YOUR INSTRUCTIONS
Return the full listing unchanged, apart from leaving out its images.

DATASET EXCERPT
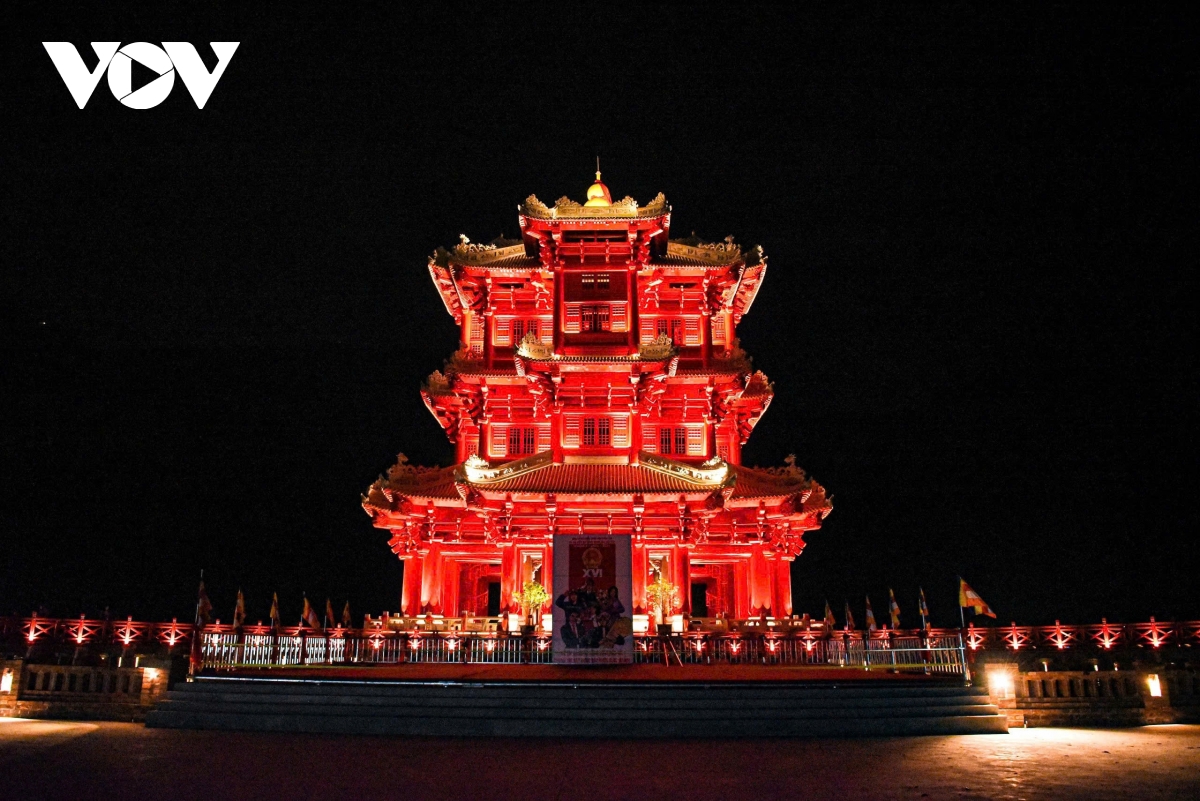 can canh thap chuong tay yen tu lung linh ve dem o bac ninh hinh anh 2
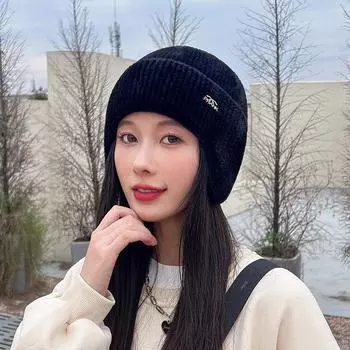 Новая женская мягкая зимняя шапка, уличная одежда из искусственного меха, теплая шапка с хвостиком, модная декоративная шапка-бини для женщин, повседневная вязаная шапка с ушками 55cm-60cm чёрный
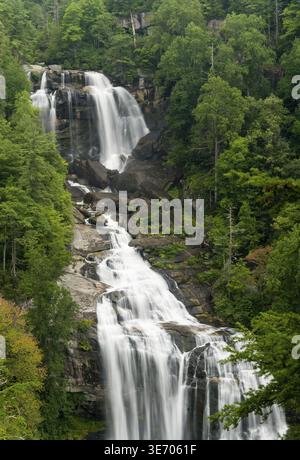 Der höchste Wasserfall im Osten der USA ist Whitewater Falls in der Jocassee Gorge in der Nähe von Sapphire North Carolina Stockfoto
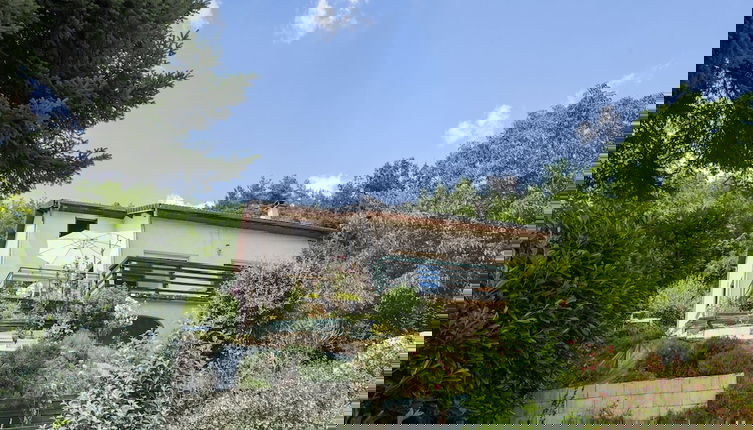 Foto 1 - Inviting Holiday Home in Miremont With Garden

RESULT OF THE TASK
 can canh thap chuong tay yen tu lung linh ve dem o bac ninh hinh anh 2
 Новая женская мягкая зимняя шапка, уличная одежда из искусственного меха, теплая шапка с хвостиком, модная декоративная шапка-бини для женщин, повседневная вязаная шапка с ушками 55cm-60cm чёрный
 Der höchste Wasserfall im Osten der USA ist Whitewater Falls in der Jocassee Gorge in der Nähe von Sapphire North Carolina Stockfoto
 Foto 1 - Inviting Holiday Home in Miremont With Garden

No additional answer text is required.